Recommended minutes to practice: 15 minutes a day

What to practice: C position piano warmup (piano and vocal), Old MacDonald, Twinkle Twinkle (piano and vocal), Night Begins to Shine

How to practice it most effectively: For the C position warmup, go one hand at a time, up and down the 5 finger scale, doing your best to connect between the notes. Keeping your fingers bent and really focusing on holding one note down until the next plays will help with this. When doing this warmup for your voice, play just piano first to hear it, then sing with your playing on the syllable “mah” or “moo”. Move from C position up through D, E, etc. so you can warm up your higher notes too. When singing higher, don’t push the sound out, rather let your tone become softer and gentler. Old MacDonald has LH in D position and RH in C position. The order of notes is: C-C-C-G-A-A-G-E-E-D-D-C, with RH doing E, D, and C, and LH doing G and A. Twinkle Twinkle has LH in F position and RH in D position. The notes are: C-C-G-G-A-A-G; F-F-E-E-D-D-C; G-G-F-F-E-E-D (x2); C-C-G-G-A-A-G; F-F-E-E-D-D-C. When the piano feels comfortable try singing along! Make sure you’re matching the same notes the piano plays with your voice.

For Night Begins to Shine, please use this Youtube link: https://www.youtube.com/watch?v=5I0G5rab_xQ Only go until 1:08, this is the first verse and chorus.
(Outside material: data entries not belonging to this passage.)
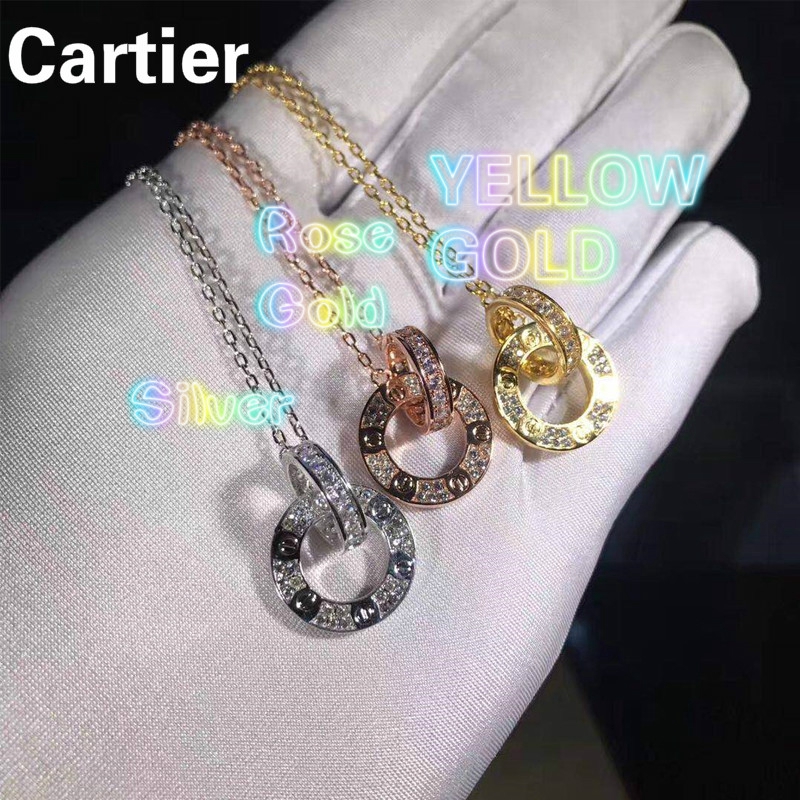 Xe Cartier Cartier Cartier ®Vòng Cổ Kim Cương Trái Tim Tình Yêu Không Hộp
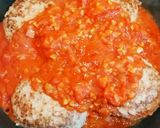 超簡単！トマト缶の煮込みハンバーグ作り方6写真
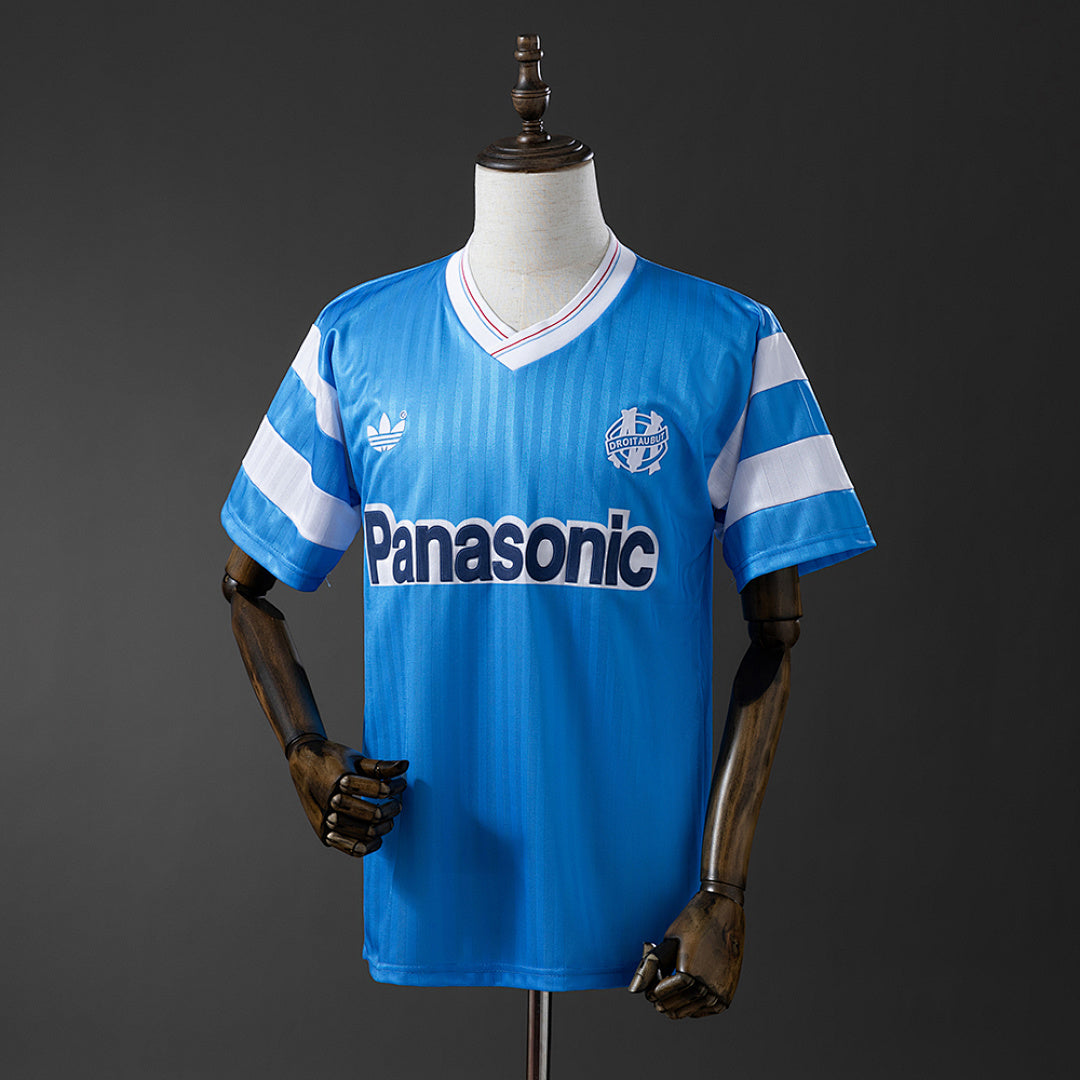 Camiseta Retro Olympique de Marsella Visita 1990 - frente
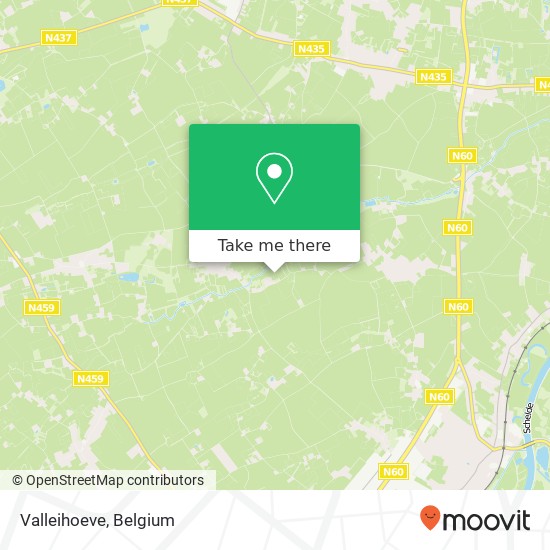 Valleihoeve map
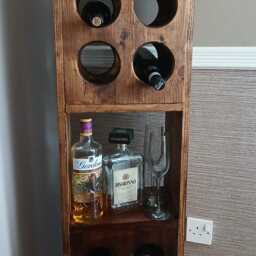 Double Wooden Wine Rack/Display Stand - Round - thumbnail 3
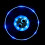 2Pcs Unique LED Cup Coasters Transparent Acrylic Decorative Drink Mats 4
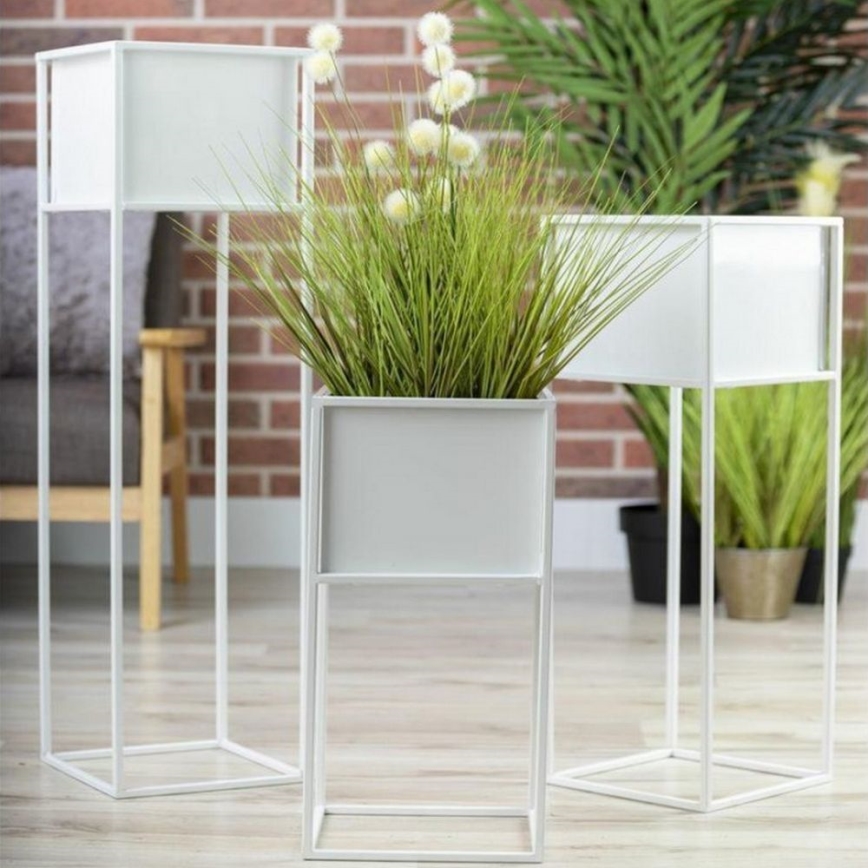 Stalak za cvijeće 70x24 cm bijela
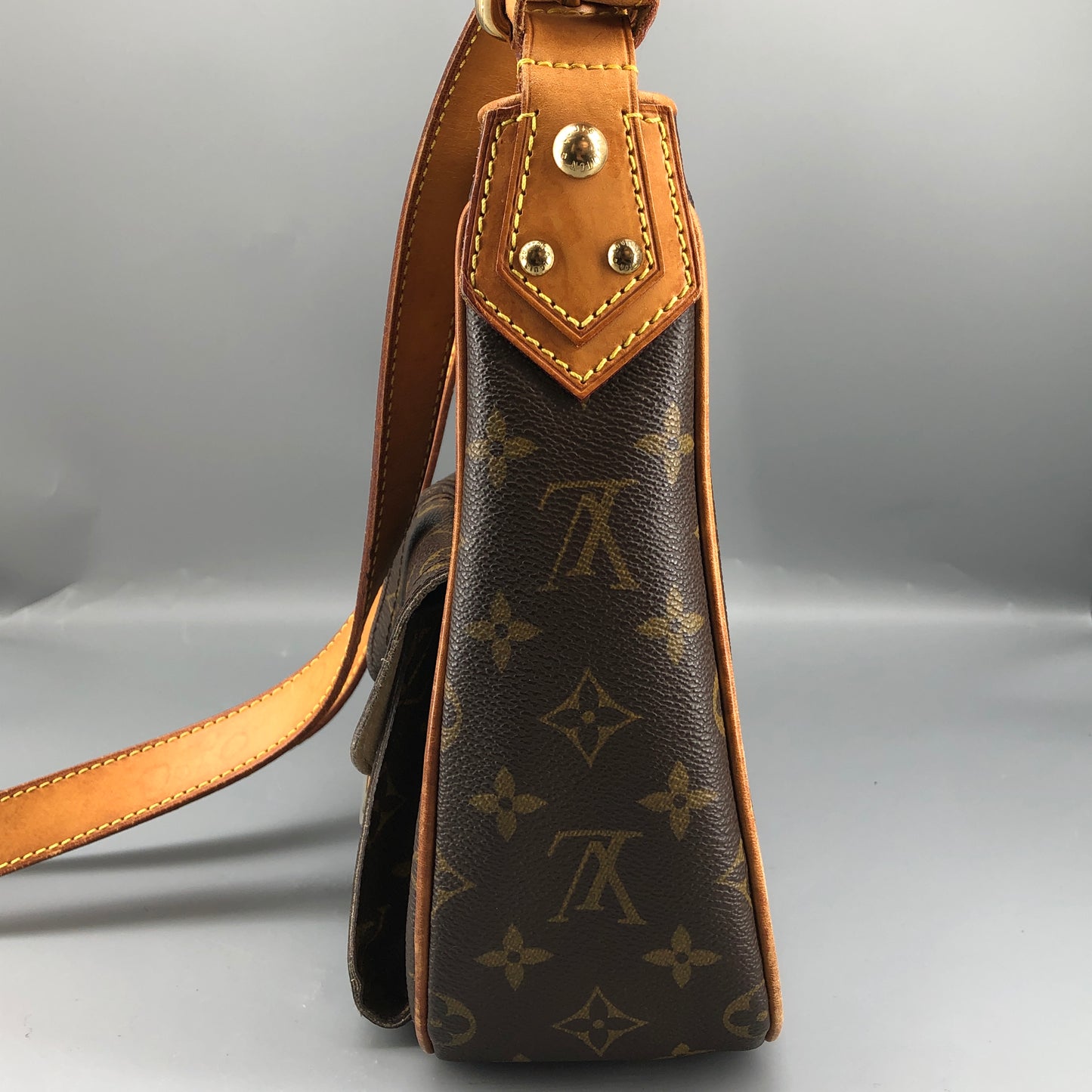 Louis Vuitton Monogram Hudson GM Bag Brown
The Piano Adventures Primer Lesson Book can be found here: https://www.amazon.ca/Primer-Level-Lesson-Piano-Adventures/dp/1616770759/ref=sr_1_1?dchild=1&keywords=piano+adventures+primer+lesson&qid=1615747345&sr=8-1

Nathalia

Recommended minutes to practice: 15-20 minutes a day

What to practice: A major scale (hands separately 1st week, hands together 2nd week), Bye, Bye Love, Runaround Sue

How to practice it most effectively: In our A major scale, the fingering stays the same as other scales, the one difference is we are adding a G# to our F# and C#. In Bye, Bye Love, please also put that last second ending hands together. Notice how RH is mainly going back and forth between two different sixths. Just look at which note is on top (F or G) and move accordingly. For LH, use your bass clef sayings to help you find the notes. Spend a little more time on the chorus so it can feel just as flowing and comfortable as the verse. Please use written finger numbers since they are the easiest/best way to play what’s written. For Runaround Sue, please play RH up until bar 16, continuing to do the swing rhythm for eighth notes. Note how RH plays many intervals, and when it switches from one to the next there is typically one note that stays and one note that moves. Of course, always double check with your Every Good Boy Deserves Fudge and FACE sayings!